Exercise objective:
For this task, output exactly the lines of the material below starting at the line with "Next Era New" and ending at the line with "Merry Krampus Lightweight"; pictures are to be excluded.

Records provided:

..........

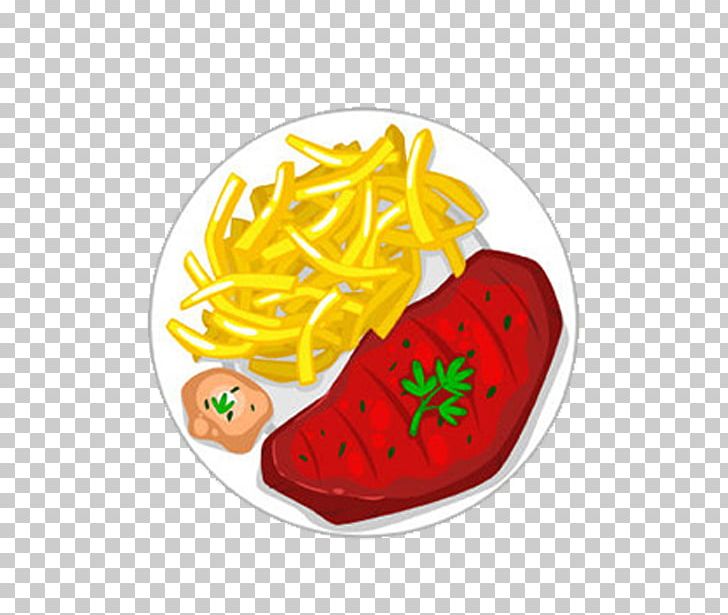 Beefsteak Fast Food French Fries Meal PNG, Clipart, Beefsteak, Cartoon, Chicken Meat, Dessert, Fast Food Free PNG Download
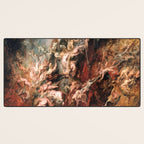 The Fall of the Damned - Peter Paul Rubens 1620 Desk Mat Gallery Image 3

..........

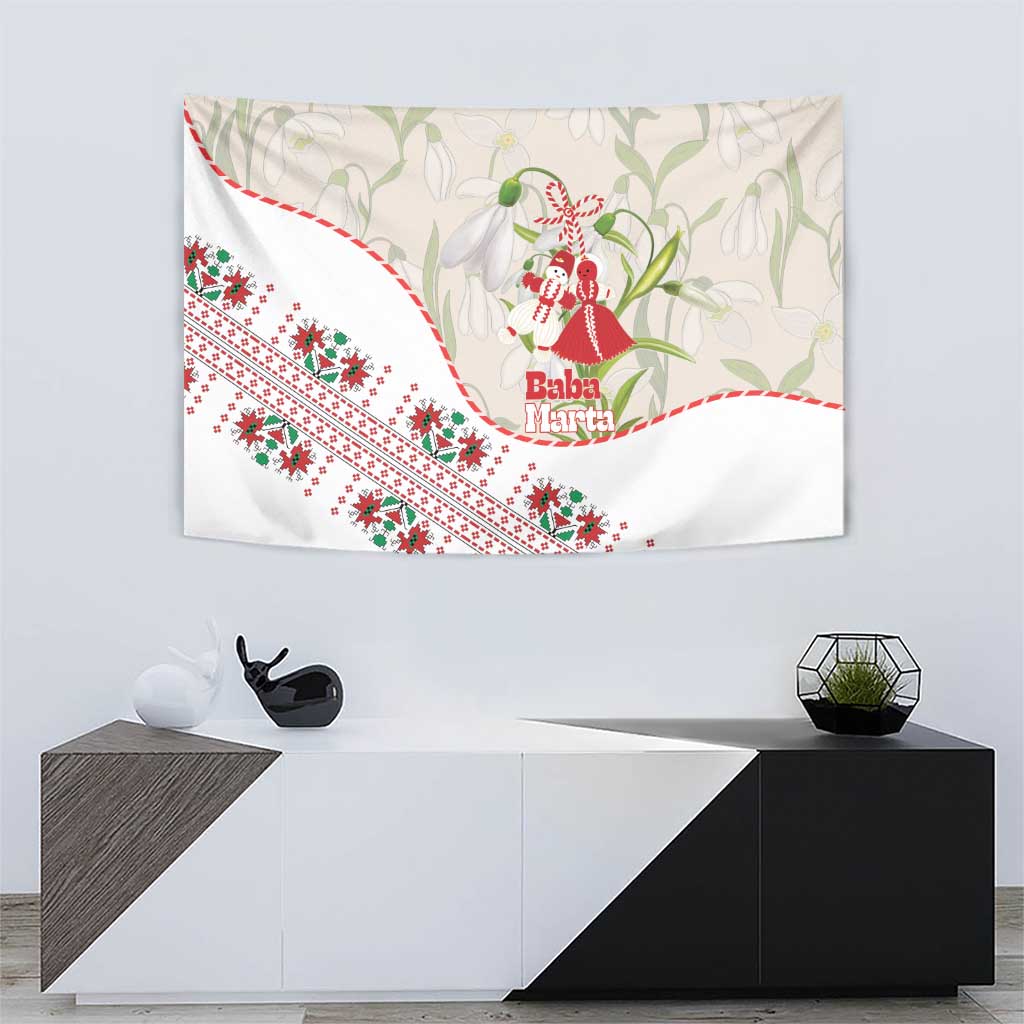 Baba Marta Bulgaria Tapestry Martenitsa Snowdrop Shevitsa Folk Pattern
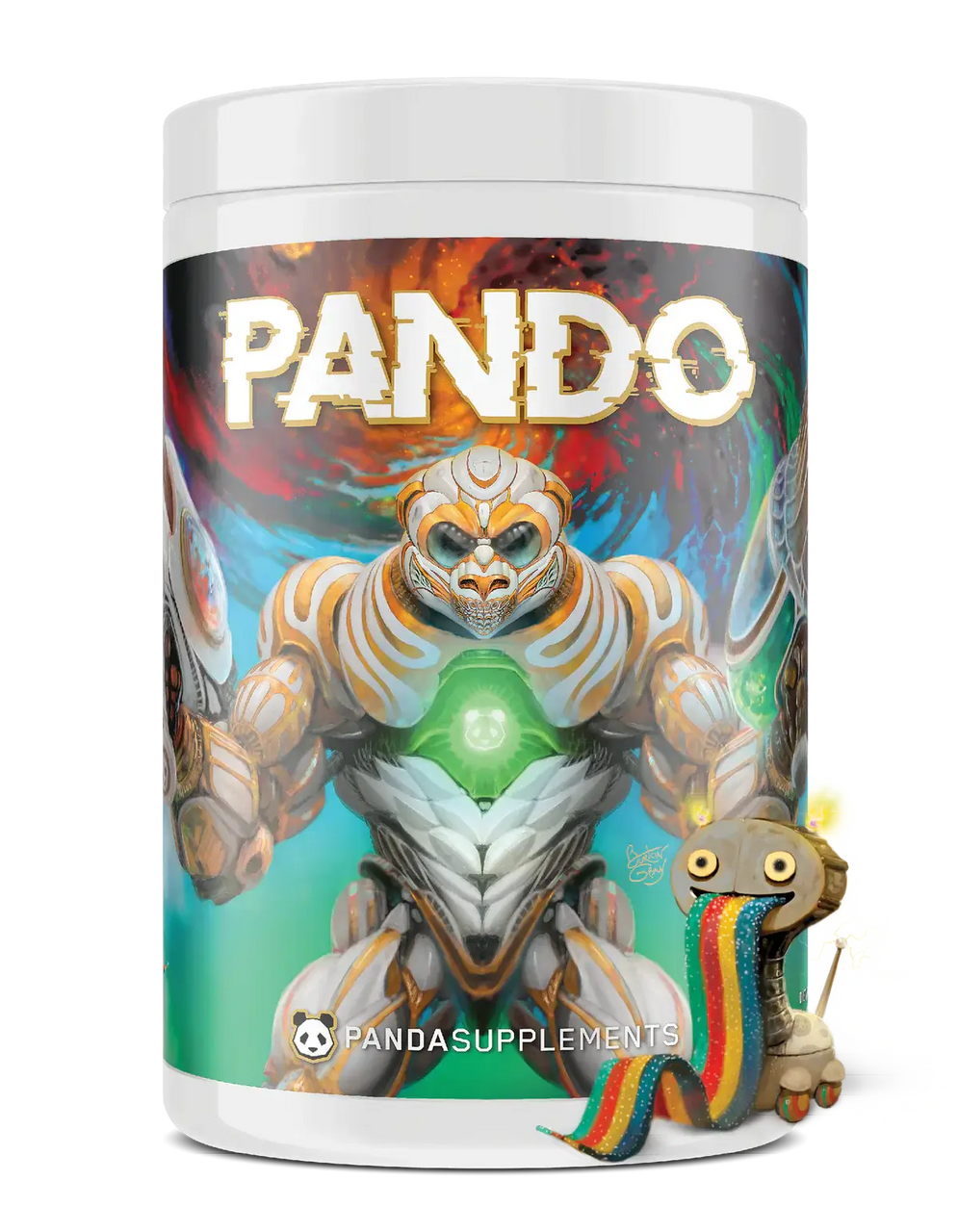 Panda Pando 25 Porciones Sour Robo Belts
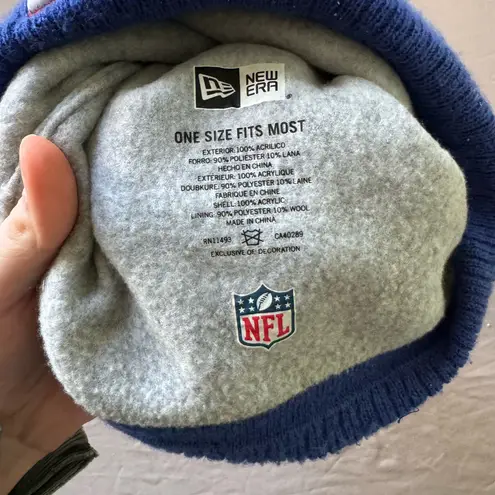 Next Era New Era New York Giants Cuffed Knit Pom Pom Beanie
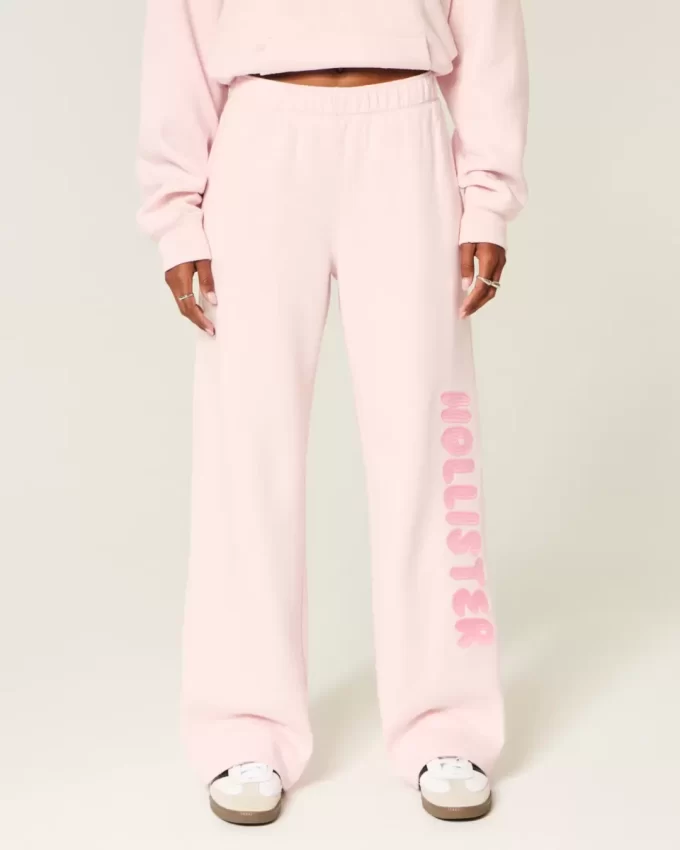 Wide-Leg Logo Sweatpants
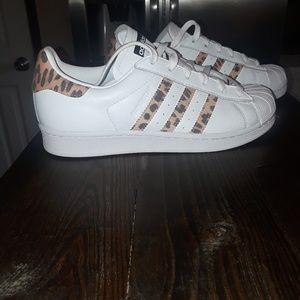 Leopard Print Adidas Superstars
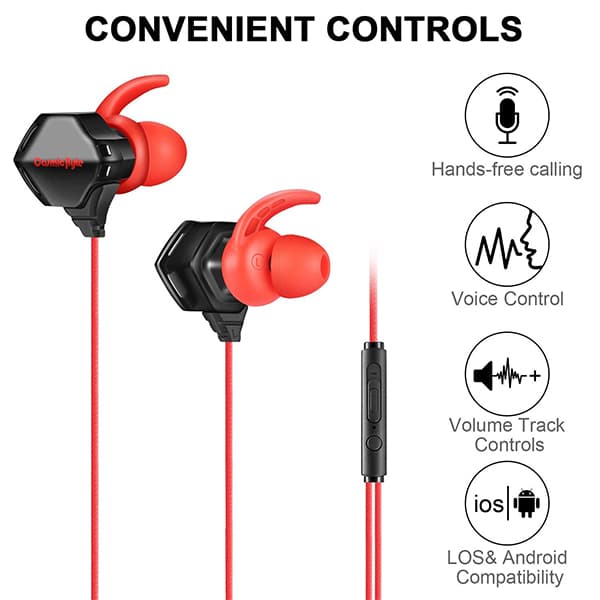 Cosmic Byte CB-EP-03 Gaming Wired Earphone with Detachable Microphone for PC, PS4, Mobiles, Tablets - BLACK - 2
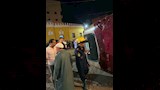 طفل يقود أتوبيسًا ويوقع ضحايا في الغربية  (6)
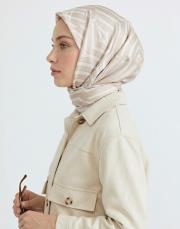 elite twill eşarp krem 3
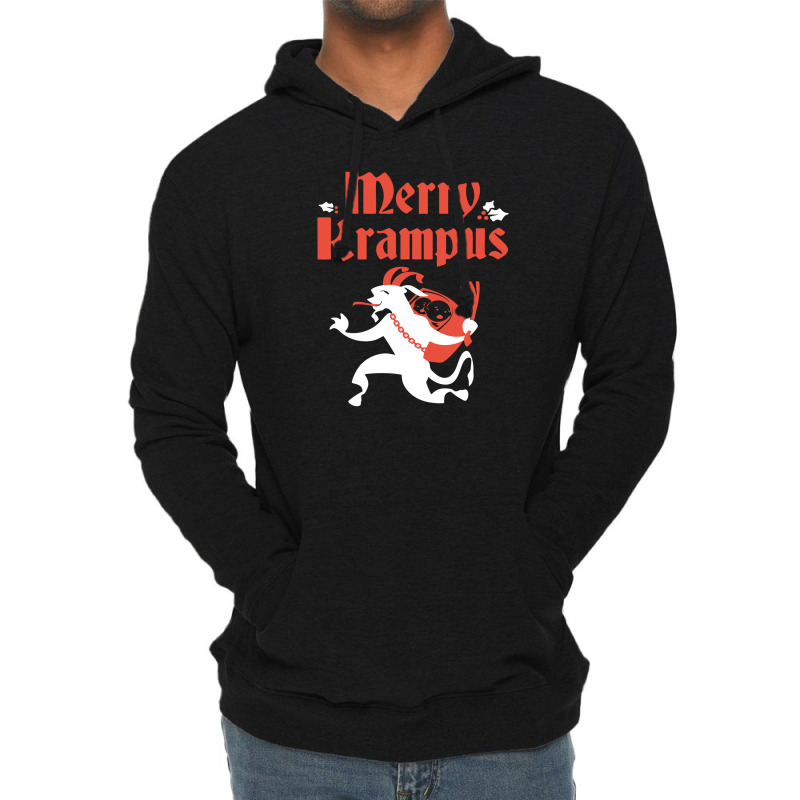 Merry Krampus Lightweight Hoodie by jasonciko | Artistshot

..........

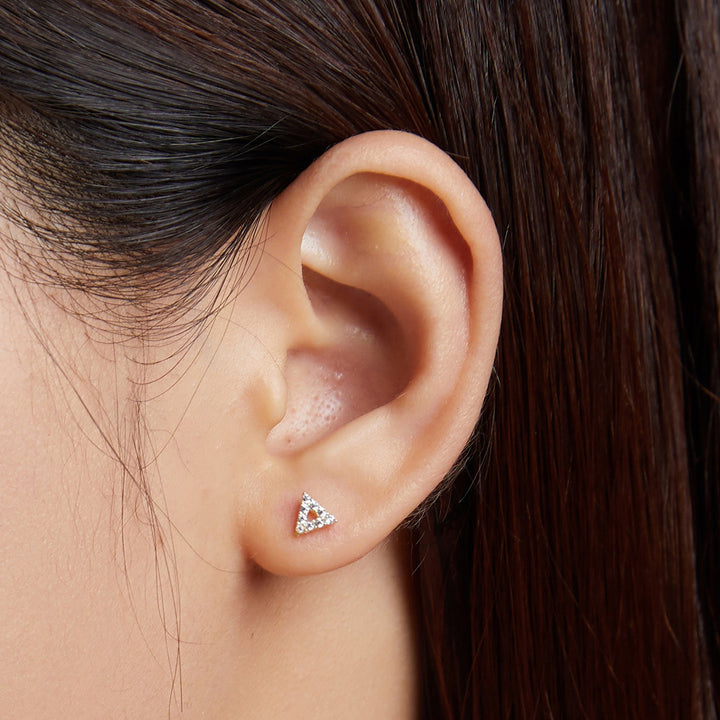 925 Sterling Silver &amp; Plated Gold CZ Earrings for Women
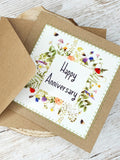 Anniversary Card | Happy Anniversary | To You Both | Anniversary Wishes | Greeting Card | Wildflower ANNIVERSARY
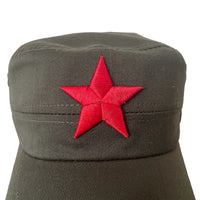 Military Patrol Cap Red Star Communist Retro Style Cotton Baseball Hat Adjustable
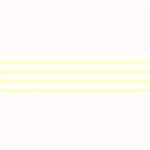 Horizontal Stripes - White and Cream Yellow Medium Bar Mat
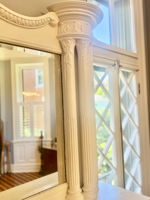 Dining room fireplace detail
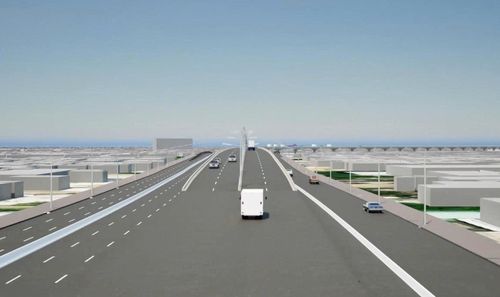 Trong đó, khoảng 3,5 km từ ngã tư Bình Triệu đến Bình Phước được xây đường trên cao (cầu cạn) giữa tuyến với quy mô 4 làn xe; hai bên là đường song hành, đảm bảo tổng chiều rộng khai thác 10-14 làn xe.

..........

Answer box:
 Next Era New Era New York Giants Cuffed Knit Pom Pom Beanie
 Wide-Leg Logo Sweatpants
 Leopard Print Adidas Superstars
 Cosmic Byte CB-EP-03 Gaming Wired Earphone with Detachable Microphone for PC, PS4, Mobiles, Tablets - BLACK - 2
 طفل يقود أتوبيسًا ويوقع ضحايا في الغربية  (6)
 elite twill eşarp krem 3
 Merry Krampus Lightweight Hoodie by jasonciko | Artistshot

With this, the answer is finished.